Wednesday, May 14, 2008

On a sunny day in Dublin...

...I am missing someone. I did not use to be that sort of person.

It's been an achy sort of day. I cabbed over from the Abbott to Number 31 this morning. It's another OH MY GOD, I'm staying HERE? YAY! sort of room. It's a beautiful, lovingly restored Georgian house & carriage house, with (literally) beautiful people answering the door and all your needs. They brought me coffee and homemade fruitcake when I checked in, and I'm told the breakfasts are legendary.

I sat down for a bit to collect myself and figure out how best to use the day. Two hours later...well, there was a bit of a nap in there...but I had my postcards written, taken care of various email business, and burned a CD of pre-show/intermission music for the short plays. (Not all women rockers; I have other things on my iTunes). Mostly women singer/songwriters. I want to go to the Hugh Lane Gallery, but I need to start out earlier in the day for that.

Then I wrote out postcards for friends and loved ones; I know we can talk to each other in an instant (and I did talk to my sweetie on the Skype), but I think there's nothing like getting a colorful picture with a foreign stamp in your actual mailbox.

Ordered some tickets for tonight's shows (The Countess and her Lesbians; Love Scenes) and noted with pleasure the good review for Carolyn Gage's play (The Countess) in the Irish Times.

And left the lovely room to walk across St. Stephen's Green for whatever.

I like this part of town; it's very different and much more posh than yesterday's neighborhood. Hotel hopping is exhausting, but it does give you a feel for a whole city, rather than just one neighborhood.

On my walk, I spotted a large magpie on a rock and reached for the camera and it flew away.
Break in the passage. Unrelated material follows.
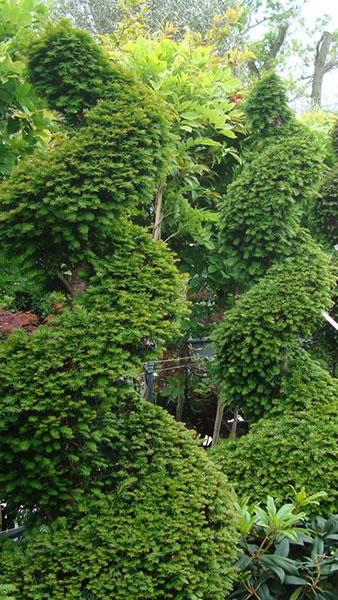 Taxus Baccata Topiary Spirals - Yew Spiral topiary for sale online UK delivery
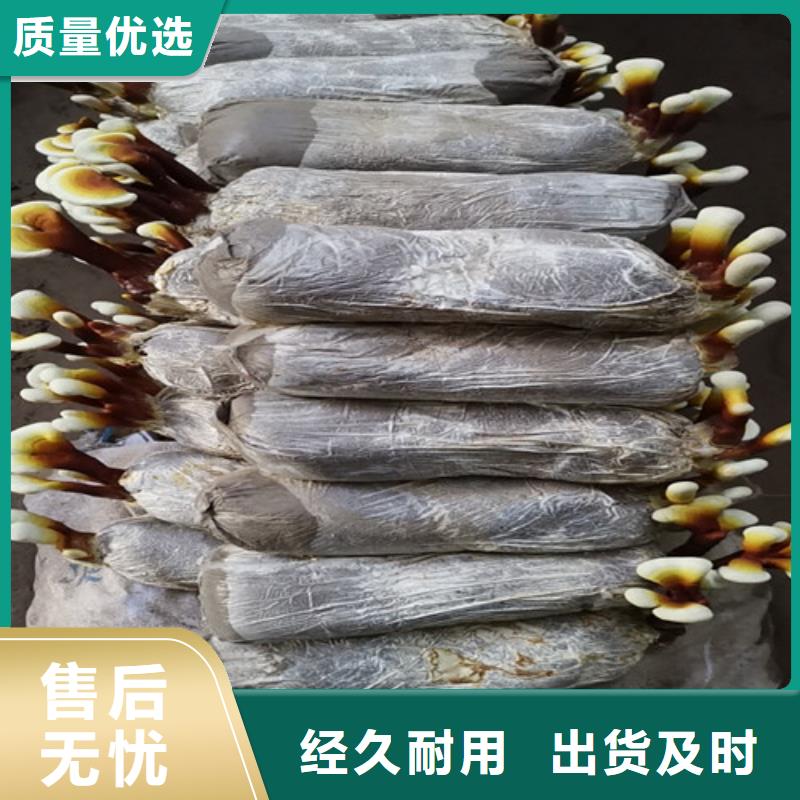 新鲜灵芝优选品牌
Then I saw a Buddhist monk in saffron robes sitting across the way, and the sun was shining on the fountain's waters and it was a lovely picture. So I pulled out the camera and took it. Continued on my way to the other side of the park, and in a block or so spotted a postbox and went to pull out my postcards. They were gone. Had I dropped them when I took the picture? Or even before? Maybe they are back at the hotel, but I doubt it, as I remember putting them in my bag.

And I wanted to cry. And I realized I'm only halfway through the trip, and I miss my home like crazy. Not my apartment (if you've been there, you know it's not that much to get worked up about), but the person who makes it a home, who is not with me here, who is at home taking care of our little creatures. And for a couple of days keeping baby raccoons in the bathroom. But they are gone now, and I am still across the ocean.

I used to just leave and shut the door and not even think of things I left behind until I unlocked the door again. (Wrote some pretty good stuff along those themes, too). And I'd drop into a town without knowing where I'd stay, and take the bus tour, and happily tootle along on my own for days on end, as long as I could get away with it.

And now I sleep in luxurious beds...on my usual side, guiltily taking all the pillows , half-expecting to have them pulled away, along with the cover at some point during the night. I know exactly how we fit together when we spoon, and where my arms fit around her shoulders, and hers around my waist.

I'll be fine in a minute or an hour. I'll walk and see something interesting, and I'm going to like both the plays, and catch up with the others afterward, and give out more flyers, and talk Paul into coming to the (very nice) dinner I'm invited to tomorrow. And work and plan and be the mind that never stops.

But right now, I'm homesick. I never used to be, but that's because I didn't have a home.